Başta Senegal olmak üzere tüm Batı Afrika'da bilinen perküsyon aleti "tama", insan mırıldanmasını yakın bir ses çıkarabildiği için "konuşan davul" olarak biliniyor.
AA muhabiri, Afrika'nın müziği ve müzik aletleriyle ilgili dosya haberin ikinci bölümünde Batı Afrika'nın en gizemli ve insan sesine en yakın sesi çıkaran müzik aleti olarak bilinen tamanın hikayesini ele aldı.
Batı Afrika'da mistik ve geleneksel bir perküsyon olan tama, yağmur mevsiminde fıstık hasadından sonra yakalanan bir varanın derisiyle Afrika'ya özgü Cayor elma ağacının gövdesinden yapılıyor.
Dakar'da bir semte adını veren "gueule tapee" ismiyle de bilinen varan, hala etkisini sürdüren Animist inançlarda kutsal kabul edildiği için tama da mistik ve efsunlu bir perküsyon olarak biliniyor.
Yapımının izlenmesinin uğursuzluk getirdiğine inanılan tamayı oymacılar kimsenin olmadığı bir ortamda yalnız şekillendiriyor.
Kum saati şeklini alan tamanın etrafı sıkıca iplerle örülüyor, bu ipler 2 yönlü çalınan tamanın akorunu da sağlıyor.
Boyu 40 santimetreyi bulan Senegal'in en küçük perküsyonu tama, Volof, Serer ve Mandingo etnik gruplarına mensup hikaye anlatıcıları (griot) tarafından kullanılıyor.
Koltuk altına yerleştirilen tama, cinlerin barındığı düşünülen demirhindi ağacından yapılan ufak bir çubukla çalınıyor.
Halk arasında demirhindi ağacına tırmanmaya çalışanların cinler tarafından düşürülerek öleceğine olan inanç tamanın mistik yönünü de pekiştiriyor.
İnsan mırıldanışını taklit ediyor, ruhsal bozuklukları tedavi ediyor
Tamaya "konuşan davul" denmesinin arkasında ise tamanın insan sesinin ritmine ve konuşma perdesine yakın ses çıkarabilmesi yatıyor.
Sesli veya sessiz harflerin niteliklerini yakalayamasa da tama buna karşın Volof, Serer ve Mandinge yerel dillerinin nazal tonlamasını ve insan mırıldanmasını taklit edebiliyor.
Bu nedenle bölge halkları tamanın çalındığına değil "konuştuğuna" inanıyor.

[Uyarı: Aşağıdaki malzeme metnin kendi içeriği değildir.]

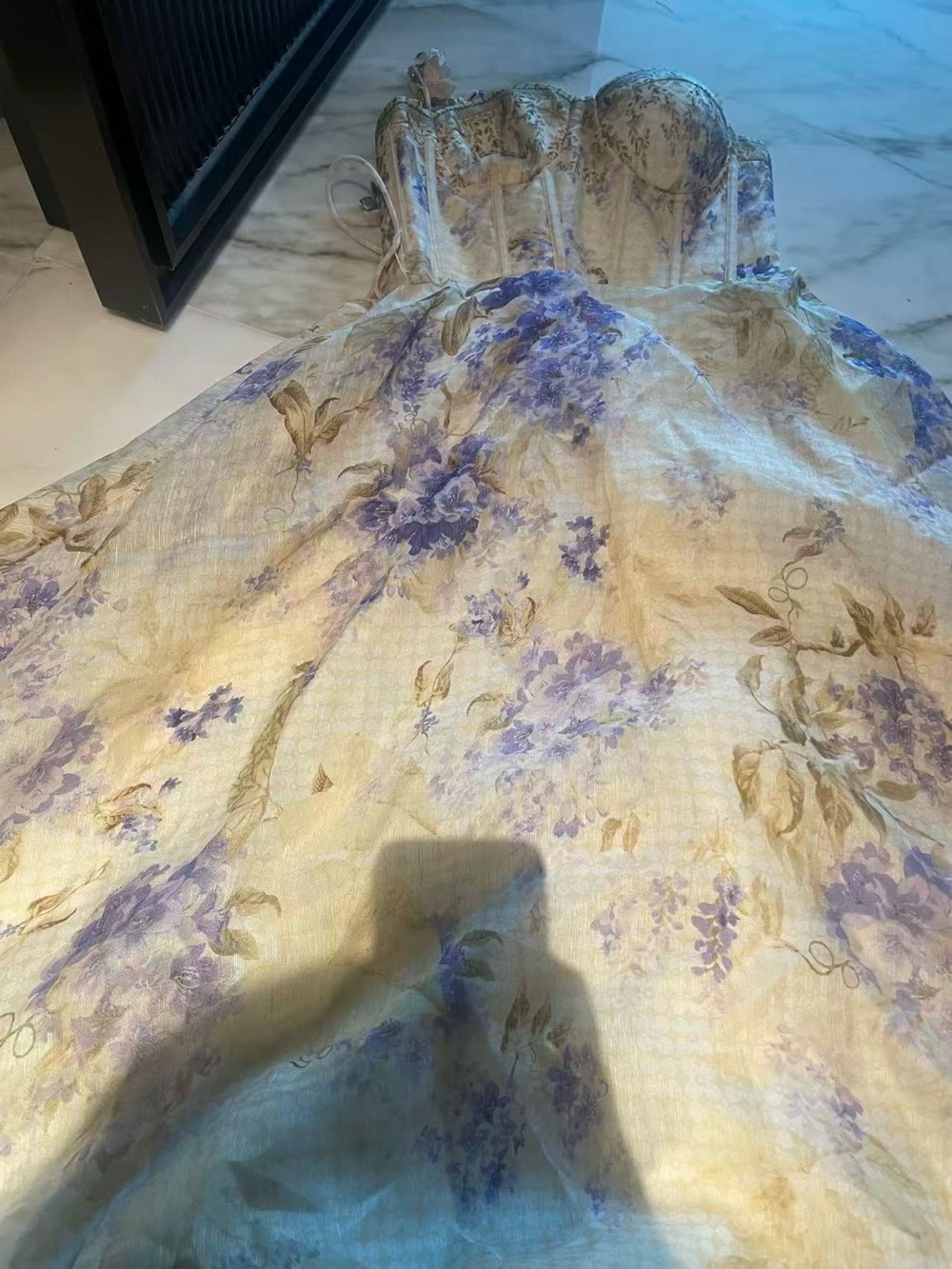 Zimmermann Floral maxi Dress in Cream and Lavender - Picture 3 of 15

Tama, mistik yönü nedeniyle de "şeytan ve cin çıkarma" ayinlerinde de sıkça kullanılıyor.
İnsana musallat olan kötü varlıkların bedeni terk etmesi için çalınan tama aynı zamanda ruhsal bozukluğu olan kişilerin tedavisinde de tercih ediliyor.
Black Panther'de de kullanıldı
Ünü Batı Afrika'yı aşarak dünyaya yayılan tama, Ryan Coogler yönetmenliğindeki Black Panther filminin bazı önemli sahnelerinde de yer aldı.
Filmin müziklerini yapan İsveçli müzisyen Ludwig Göransson'ın sahnelerle uyumlu ritimleri bulmak için Afrikalı müzisyenlerle Batı ve Güney Afrika'da birçok köye gittiği ve burada yerel enstrümanları çalan sanatçılarla görüştüğü biliniyor.
Tama, Senegalli dünyaca ünlü şarkıcı Baab Maal'in seslendirdiği Black Panther'in ana müziği "Wakanda" isimli parça ve filmdeki ana karakterlerinden T'challa'nın Wakanda şehrine geldiği ikonik sahne olmak üzere birçok sahnede duyuluyor.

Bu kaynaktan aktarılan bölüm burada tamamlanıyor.